### [Directions]
Copy each line below exactly.

= Beginning of Section =

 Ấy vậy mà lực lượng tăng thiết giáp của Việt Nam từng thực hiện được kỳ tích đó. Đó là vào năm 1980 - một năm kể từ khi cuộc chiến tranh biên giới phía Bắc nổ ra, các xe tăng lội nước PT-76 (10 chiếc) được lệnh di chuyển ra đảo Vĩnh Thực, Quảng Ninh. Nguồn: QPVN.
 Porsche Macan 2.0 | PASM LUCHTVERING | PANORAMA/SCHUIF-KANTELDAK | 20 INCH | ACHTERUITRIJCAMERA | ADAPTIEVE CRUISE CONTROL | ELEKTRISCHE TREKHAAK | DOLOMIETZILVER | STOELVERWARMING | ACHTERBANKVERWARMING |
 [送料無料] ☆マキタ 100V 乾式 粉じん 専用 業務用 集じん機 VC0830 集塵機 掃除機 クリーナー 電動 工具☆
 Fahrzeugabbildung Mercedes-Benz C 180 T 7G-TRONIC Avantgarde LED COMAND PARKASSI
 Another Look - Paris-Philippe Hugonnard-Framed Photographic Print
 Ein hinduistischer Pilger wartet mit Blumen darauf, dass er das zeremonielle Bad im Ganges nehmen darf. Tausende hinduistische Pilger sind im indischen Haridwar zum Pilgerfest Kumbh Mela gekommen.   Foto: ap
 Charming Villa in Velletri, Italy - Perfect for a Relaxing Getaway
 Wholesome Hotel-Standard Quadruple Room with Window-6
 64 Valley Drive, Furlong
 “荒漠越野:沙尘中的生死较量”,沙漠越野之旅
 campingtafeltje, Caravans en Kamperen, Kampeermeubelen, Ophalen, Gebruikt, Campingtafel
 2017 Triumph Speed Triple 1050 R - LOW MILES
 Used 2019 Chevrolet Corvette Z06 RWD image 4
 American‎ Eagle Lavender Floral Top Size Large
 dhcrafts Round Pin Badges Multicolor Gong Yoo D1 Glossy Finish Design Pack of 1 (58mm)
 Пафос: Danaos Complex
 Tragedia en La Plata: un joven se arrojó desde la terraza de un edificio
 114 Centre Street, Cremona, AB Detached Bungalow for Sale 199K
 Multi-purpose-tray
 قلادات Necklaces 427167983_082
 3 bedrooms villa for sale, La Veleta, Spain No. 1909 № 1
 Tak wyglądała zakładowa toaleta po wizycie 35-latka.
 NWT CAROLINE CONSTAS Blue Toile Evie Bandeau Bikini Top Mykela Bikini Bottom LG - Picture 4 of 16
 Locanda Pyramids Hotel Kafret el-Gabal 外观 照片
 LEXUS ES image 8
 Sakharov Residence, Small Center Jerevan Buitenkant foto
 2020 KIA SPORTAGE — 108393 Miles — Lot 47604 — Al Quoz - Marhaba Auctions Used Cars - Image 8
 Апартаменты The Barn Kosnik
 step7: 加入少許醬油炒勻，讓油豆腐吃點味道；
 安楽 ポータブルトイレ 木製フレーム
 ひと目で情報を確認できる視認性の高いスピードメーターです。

= End of Section =

### [Solution for this exercise]
 Ấy vậy mà lực lượng tăng thiết giáp của Việt Nam từng thực hiện được kỳ tích đó. Đó là vào năm 1980 - một năm kể từ khi cuộc chiến tranh biên giới phía Bắc nổ ra, các xe tăng lội nước PT-76 (10 chiếc) được lệnh di chuyển ra đảo Vĩnh Thực, Quảng Ninh. Nguồn: QPVN.
 Porsche Macan 2.0 | PASM LUCHTVERING | PANORAMA/SCHUIF-KANTELDAK | 20 INCH | ACHTERUITRIJCAMERA | ADAPTIEVE CRUISE CONTROL | ELEKTRISCHE TREKHAAK | DOLOMIETZILVER | STOELVERWARMING | ACHTERBANKVERWARMING |
 [送料無料] ☆マキタ 100V 乾式 粉じん 専用 業務用 集じん機 VC0830 集塵機 掃除機 クリーナー 電動 工具☆
 Fahrzeugabbildung Mercedes-Benz C 180 T 7G-TRONIC Avantgarde LED COMAND PARKASSI
 Another Look - Paris-Philippe Hugonnard-Framed Photographic Print
 Ein hinduistischer Pilger wartet mit Blumen darauf, dass er das zeremonielle Bad im Ganges nehmen darf. Tausende hinduistische Pilger sind im indischen Haridwar zum Pilgerfest Kumbh Mela gekommen.   Foto: ap
 Charming Villa in Velletri, Italy - Perfect for a Relaxing Getaway
 Wholesome Hotel-Standard Quadruple Room with Window-6
 64 Valley Drive, Furlong
 “荒漠越野:沙尘中的生死较量”,沙漠越野之旅
 campingtafeltje, Caravans en Kamperen, Kampeermeubelen, Ophalen, Gebruikt, Campingtafel
 2017 Triumph Speed Triple 1050 R - LOW MILES
 Used 2019 Chevrolet Corvette Z06 RWD image 4
 American‎ Eagle Lavender Floral Top Size Large
 dhcrafts Round Pin Badges Multicolor Gong Yoo D1 Glossy Finish Design Pack of 1 (58mm)
 Пафос: Danaos Complex
 Tragedia en La Plata: un joven se arrojó desde la terraza de un edificio
 114 Centre Street, Cremona, AB Detached Bungalow for Sale 199K
 Multi-purpose-tray
 قلادات Necklaces 427167983_082
 3 bedrooms villa for sale, La Veleta, Spain No. 1909 № 1
 Tak wyglądała zakładowa toaleta po wizycie 35-latka.
 NWT CAROLINE CONSTAS Blue Toile Evie Bandeau Bikini Top Mykela Bikini Bottom LG - Picture 4 of 16
 Locanda Pyramids Hotel Kafret el-Gabal 外观 照片
 LEXUS ES image 8
 Sakharov Residence, Small Center Jerevan Buitenkant foto
 2020 KIA SPORTAGE — 108393 Miles — Lot 47604 — Al Quoz - Marhaba Auctions Used Cars - Image 8
 Апартаменты The Barn Kosnik
 step7: 加入少許醬油炒勻，讓油豆腐吃點味道；
 安楽 ポータブルトイレ 木製フレーム
 ひと目で情報を確認できる視認性の高いスピードメーターです。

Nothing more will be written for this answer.